**TRY IT:** Please return every line of the material verbatim and skip any images.

[SOURCE MATERIAL]

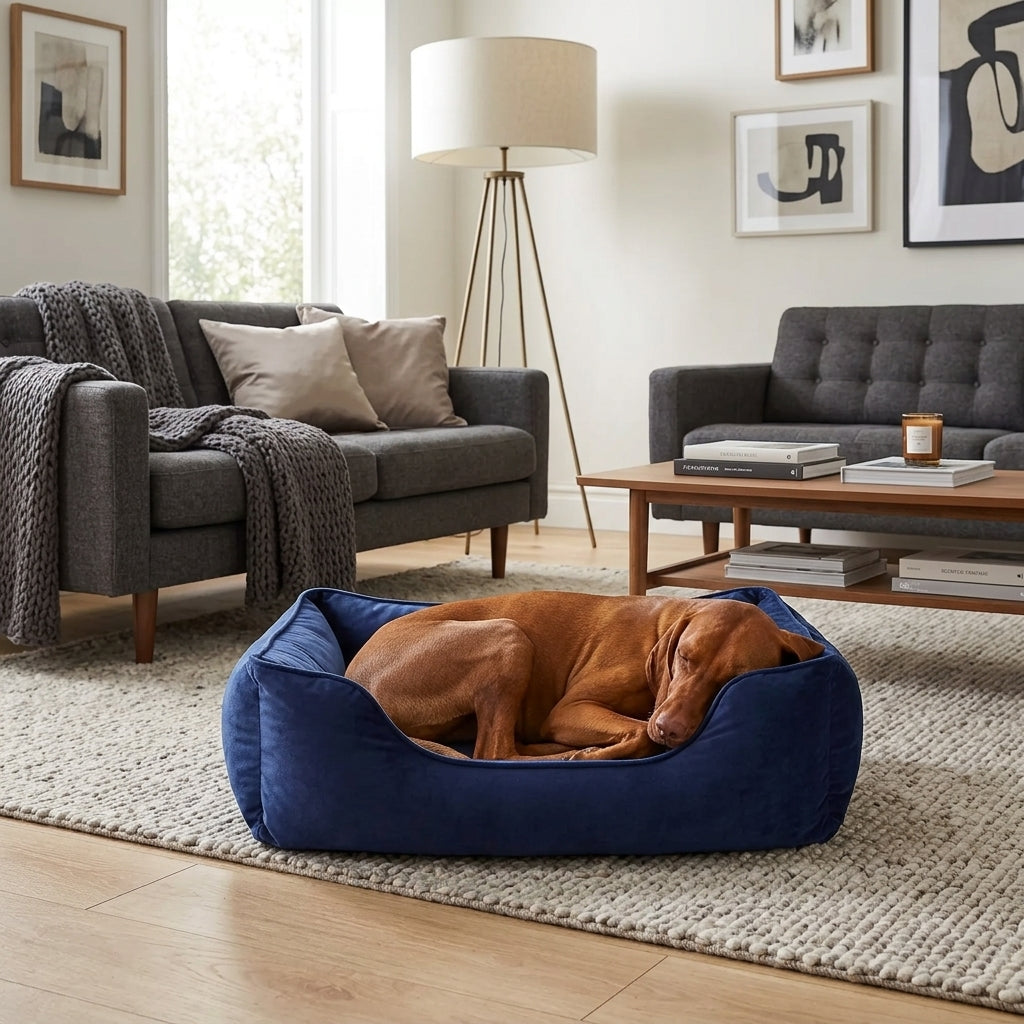 Blue velvet pet nest bed with rolled rim, brown dog resting inside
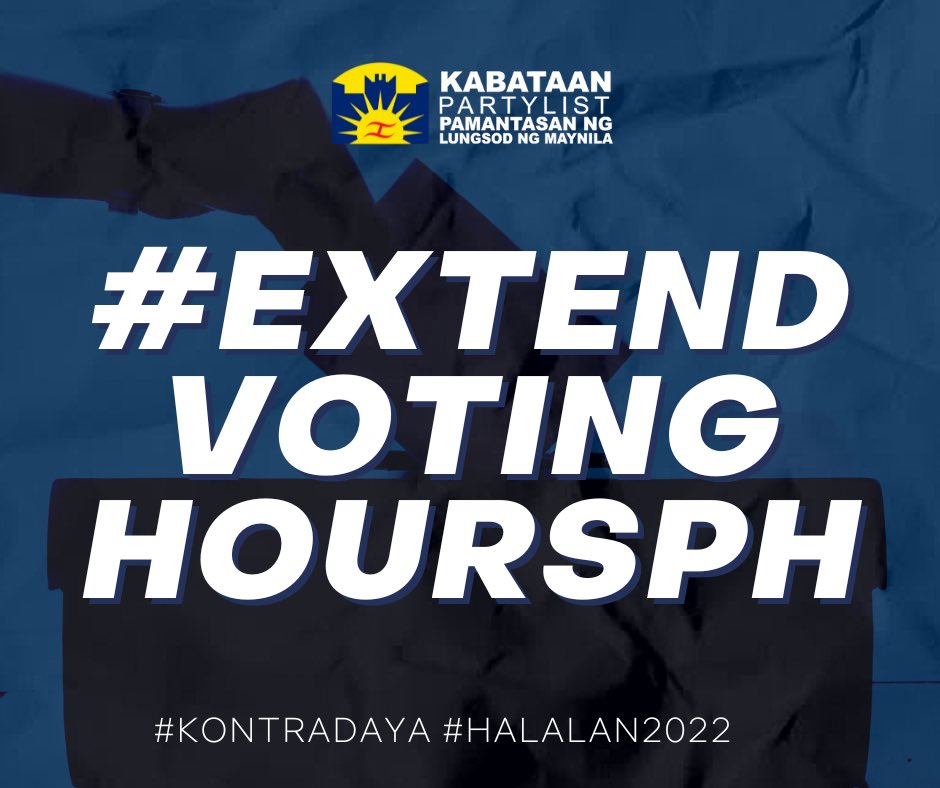 KabataanPLM's tweet photo. KABATAAN, LUMAHOK SA PANAWAGAN!

Ilang oras na lang bago magtapos ang nakatakdang oras ng pagboto (7PM), maraming mga botante ang hindi pa rin nakakaboto hanggang ngayon dahil sa sira at papalya-palyang Vote-Counting Machines (VCM) ng COMELEC.

#ExtendVotingHoursPH
#KontraDaya https://t.co/f5h76tzCWt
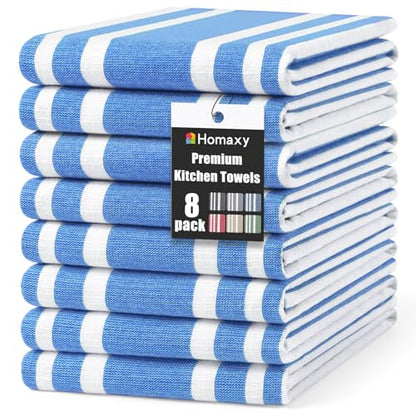 Homaxy Premium Kitchen Towels 18”x 28”, Large Cotton 380 GSM Kitchen Hand Towels, Stripe and Terry Dish Towel, Highly Absorbent Tea Towel Set with Hanging Loop, 8 Pack, Blueberry - color: Blueberry Stripe, style: 8-pack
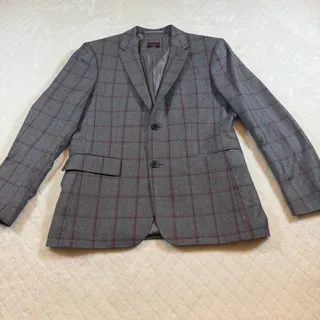 Photo of UNTUCKit 38R Grey Red Plaid Sport Coat Blazer Jacket Wool Luc Belaire EUC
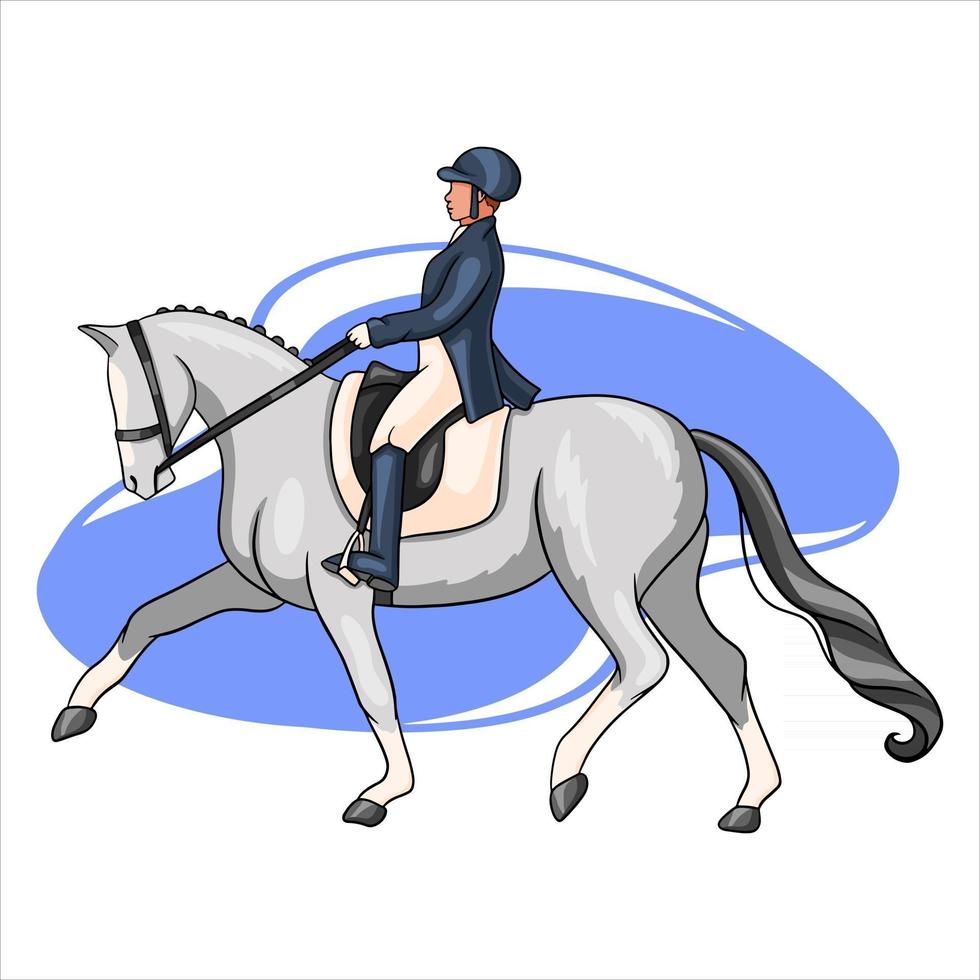 mujer de equitación montando caballo de doma en estilo de dibujos animados vector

[/SOURCE MATERIAL]

**TASK RESULT:**
 Blue velvet pet nest bed with rolled rim, brown dog resting inside
 KabataanPLM's tweet photo. KABATAAN, LUMAHOK SA PANAWAGAN!

Ilang oras na lang bago magtapos ang nakatakdang oras ng pagboto (7PM), maraming mga botante ang hindi pa rin nakakaboto hanggang ngayon dahil sa sira at papalya-palyang Vote-Counting Machines (VCM) ng COMELEC.

#ExtendVotingHoursPH
#KontraDaya https://t.co/f5h76tzCWt
 Homaxy Premium Kitchen Towels 18”x 28”, Large Cotton 380 GSM Kitchen Hand Towels, Stripe and Terry Dish Towel, Highly Absorbent Tea Towel Set with Hanging Loop, 8 Pack, Blueberry - color: Blueberry Stripe, style: 8-pack
 Photo of UNTUCKit 38R Grey Red Plaid Sport Coat Blazer Jacket Wool Luc Belaire EUC
 mujer de equitación montando caballo de doma en estilo de dibujos animados vector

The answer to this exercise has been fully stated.